What needs to be done: Reproduce, character for character, the entries from their opening line through the line with "Chiếc xe con bị bép dúm phía sau.".
START Source material
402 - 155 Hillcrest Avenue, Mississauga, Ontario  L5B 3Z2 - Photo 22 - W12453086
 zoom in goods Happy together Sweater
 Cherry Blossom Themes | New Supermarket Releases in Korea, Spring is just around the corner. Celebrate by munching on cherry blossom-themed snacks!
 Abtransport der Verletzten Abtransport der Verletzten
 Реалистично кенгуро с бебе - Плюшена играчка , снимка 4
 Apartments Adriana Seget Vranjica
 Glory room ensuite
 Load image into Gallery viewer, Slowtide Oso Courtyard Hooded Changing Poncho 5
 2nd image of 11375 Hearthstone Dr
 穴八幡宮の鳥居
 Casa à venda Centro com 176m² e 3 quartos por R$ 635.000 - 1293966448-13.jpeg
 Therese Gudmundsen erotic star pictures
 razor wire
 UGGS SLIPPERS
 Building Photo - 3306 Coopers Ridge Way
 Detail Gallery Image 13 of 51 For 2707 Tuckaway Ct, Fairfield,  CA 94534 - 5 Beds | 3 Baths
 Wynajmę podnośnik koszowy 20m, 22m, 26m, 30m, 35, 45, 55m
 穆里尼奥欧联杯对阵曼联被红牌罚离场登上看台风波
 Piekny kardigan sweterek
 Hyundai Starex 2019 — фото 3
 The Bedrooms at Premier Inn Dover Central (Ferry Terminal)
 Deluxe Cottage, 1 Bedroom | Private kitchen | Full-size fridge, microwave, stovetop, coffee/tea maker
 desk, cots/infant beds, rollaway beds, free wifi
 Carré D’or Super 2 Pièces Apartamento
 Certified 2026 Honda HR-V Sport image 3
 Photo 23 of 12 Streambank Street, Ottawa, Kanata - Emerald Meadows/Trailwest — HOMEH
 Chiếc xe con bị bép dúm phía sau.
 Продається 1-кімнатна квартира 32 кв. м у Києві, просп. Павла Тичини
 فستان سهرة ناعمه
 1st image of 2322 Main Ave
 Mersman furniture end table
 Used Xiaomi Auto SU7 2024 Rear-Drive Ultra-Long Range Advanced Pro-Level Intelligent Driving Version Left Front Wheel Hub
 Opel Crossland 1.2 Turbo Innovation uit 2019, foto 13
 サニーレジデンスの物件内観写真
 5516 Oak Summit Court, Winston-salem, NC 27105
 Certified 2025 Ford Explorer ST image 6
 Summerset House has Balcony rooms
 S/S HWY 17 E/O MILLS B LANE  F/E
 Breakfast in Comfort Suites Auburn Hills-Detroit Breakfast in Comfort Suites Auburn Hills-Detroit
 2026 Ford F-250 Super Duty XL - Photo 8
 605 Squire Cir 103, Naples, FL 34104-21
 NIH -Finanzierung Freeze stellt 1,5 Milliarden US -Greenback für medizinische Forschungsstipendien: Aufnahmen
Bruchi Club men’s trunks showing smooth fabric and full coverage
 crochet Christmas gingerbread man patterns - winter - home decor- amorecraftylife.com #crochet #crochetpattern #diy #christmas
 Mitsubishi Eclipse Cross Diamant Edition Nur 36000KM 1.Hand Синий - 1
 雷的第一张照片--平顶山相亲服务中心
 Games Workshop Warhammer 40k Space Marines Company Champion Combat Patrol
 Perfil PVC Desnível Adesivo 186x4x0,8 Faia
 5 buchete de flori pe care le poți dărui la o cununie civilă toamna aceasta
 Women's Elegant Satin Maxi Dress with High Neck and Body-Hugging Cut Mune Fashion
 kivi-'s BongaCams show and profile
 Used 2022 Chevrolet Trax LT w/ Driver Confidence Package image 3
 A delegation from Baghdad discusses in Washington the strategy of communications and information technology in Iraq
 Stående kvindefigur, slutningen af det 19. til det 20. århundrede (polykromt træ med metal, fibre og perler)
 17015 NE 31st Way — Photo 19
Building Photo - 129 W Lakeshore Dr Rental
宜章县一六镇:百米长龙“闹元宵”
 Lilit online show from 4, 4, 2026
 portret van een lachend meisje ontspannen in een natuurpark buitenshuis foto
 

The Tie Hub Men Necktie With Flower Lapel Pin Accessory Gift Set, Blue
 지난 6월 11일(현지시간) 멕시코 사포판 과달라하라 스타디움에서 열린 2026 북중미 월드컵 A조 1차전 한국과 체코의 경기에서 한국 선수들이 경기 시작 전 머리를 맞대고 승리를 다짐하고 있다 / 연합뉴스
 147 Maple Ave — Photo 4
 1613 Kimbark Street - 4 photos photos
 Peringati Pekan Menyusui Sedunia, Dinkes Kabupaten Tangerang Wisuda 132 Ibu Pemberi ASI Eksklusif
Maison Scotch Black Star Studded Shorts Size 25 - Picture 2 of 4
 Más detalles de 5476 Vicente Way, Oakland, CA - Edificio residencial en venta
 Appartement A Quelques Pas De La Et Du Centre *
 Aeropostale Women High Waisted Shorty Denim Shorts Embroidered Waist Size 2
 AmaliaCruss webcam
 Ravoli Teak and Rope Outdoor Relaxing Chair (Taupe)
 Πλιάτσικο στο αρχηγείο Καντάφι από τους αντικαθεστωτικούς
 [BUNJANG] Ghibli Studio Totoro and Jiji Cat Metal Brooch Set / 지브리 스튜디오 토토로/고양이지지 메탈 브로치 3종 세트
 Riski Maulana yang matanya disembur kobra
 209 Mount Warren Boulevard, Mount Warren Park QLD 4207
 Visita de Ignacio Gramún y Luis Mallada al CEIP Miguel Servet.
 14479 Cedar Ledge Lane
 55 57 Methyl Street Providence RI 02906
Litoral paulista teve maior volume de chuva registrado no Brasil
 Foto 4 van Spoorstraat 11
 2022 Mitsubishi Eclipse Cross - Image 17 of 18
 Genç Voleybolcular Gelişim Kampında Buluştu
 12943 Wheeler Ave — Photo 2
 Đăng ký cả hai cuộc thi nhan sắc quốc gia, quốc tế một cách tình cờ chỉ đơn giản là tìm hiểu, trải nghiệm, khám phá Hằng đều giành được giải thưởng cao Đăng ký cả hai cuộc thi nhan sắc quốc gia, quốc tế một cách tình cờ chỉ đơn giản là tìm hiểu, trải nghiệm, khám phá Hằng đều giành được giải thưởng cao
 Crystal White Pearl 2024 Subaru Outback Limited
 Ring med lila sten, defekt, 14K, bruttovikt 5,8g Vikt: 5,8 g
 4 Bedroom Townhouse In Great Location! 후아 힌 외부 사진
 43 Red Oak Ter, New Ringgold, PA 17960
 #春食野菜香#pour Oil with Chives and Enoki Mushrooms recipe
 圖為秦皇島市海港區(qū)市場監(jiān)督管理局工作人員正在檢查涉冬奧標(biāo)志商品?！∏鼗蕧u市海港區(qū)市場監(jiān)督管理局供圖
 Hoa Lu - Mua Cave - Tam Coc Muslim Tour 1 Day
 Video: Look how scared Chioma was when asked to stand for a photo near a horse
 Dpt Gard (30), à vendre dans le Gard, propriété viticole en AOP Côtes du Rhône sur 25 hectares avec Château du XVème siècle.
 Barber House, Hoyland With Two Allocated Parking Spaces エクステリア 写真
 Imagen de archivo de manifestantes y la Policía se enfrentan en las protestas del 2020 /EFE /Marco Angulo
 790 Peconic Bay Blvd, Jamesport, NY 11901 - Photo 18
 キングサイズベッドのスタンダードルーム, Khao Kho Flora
END Source material
Task answer:
402 - 155 Hillcrest Avenue, Mississauga, Ontario  L5B 3Z2 - Photo 22 - W12453086
 zoom in goods Happy together Sweater
 Cherry Blossom Themes | New Supermarket Releases in Korea, Spring is just around the corner. Celebrate by munching on cherry blossom-themed snacks!
 Abtransport der Verletzten Abtransport der Verletzten
 Реалистично кенгуро с бебе - Плюшена играчка , снимка 4
 Apartments Adriana Seget Vranjica
 Glory room ensuite
 Load image into Gallery viewer, Slowtide Oso Courtyard Hooded Changing Poncho 5
 2nd image of 11375 Hearthstone Dr
 穴八幡宮の鳥居
 Casa à venda Centro com 176m² e 3 quartos por R$ 635.000 - 1293966448-13.jpeg
 Therese Gudmundsen erotic star pictures
 razor wire
 UGGS SLIPPERS
 Building Photo - 3306 Coopers Ridge Way
 Detail Gallery Image 13 of 51 For 2707 Tuckaway Ct, Fairfield,  CA 94534 - 5 Beds | 3 Baths
 Wynajmę podnośnik koszowy 20m, 22m, 26m, 30m, 35, 45, 55m
 穆里尼奥欧联杯对阵曼联被红牌罚离场登上看台风波
 Piekny kardigan sweterek
 Hyundai Starex 2019 — фото 3
 The Bedrooms at Premier Inn Dover Central (Ferry Terminal)
 Deluxe Cottage, 1 Bedroom | Private kitchen | Full-size fridge, microwave, stovetop, coffee/tea maker
 desk, cots/infant beds, rollaway beds, free wifi
 Carré D’or Super 2 Pièces Apartamento
 Certified 2026 Honda HR-V Sport image 3
 Photo 23 of 12 Streambank Street, Ottawa, Kanata - Emerald Meadows/Trailwest — HOMEH
 Chiếc xe con bị bép dúm phía sau.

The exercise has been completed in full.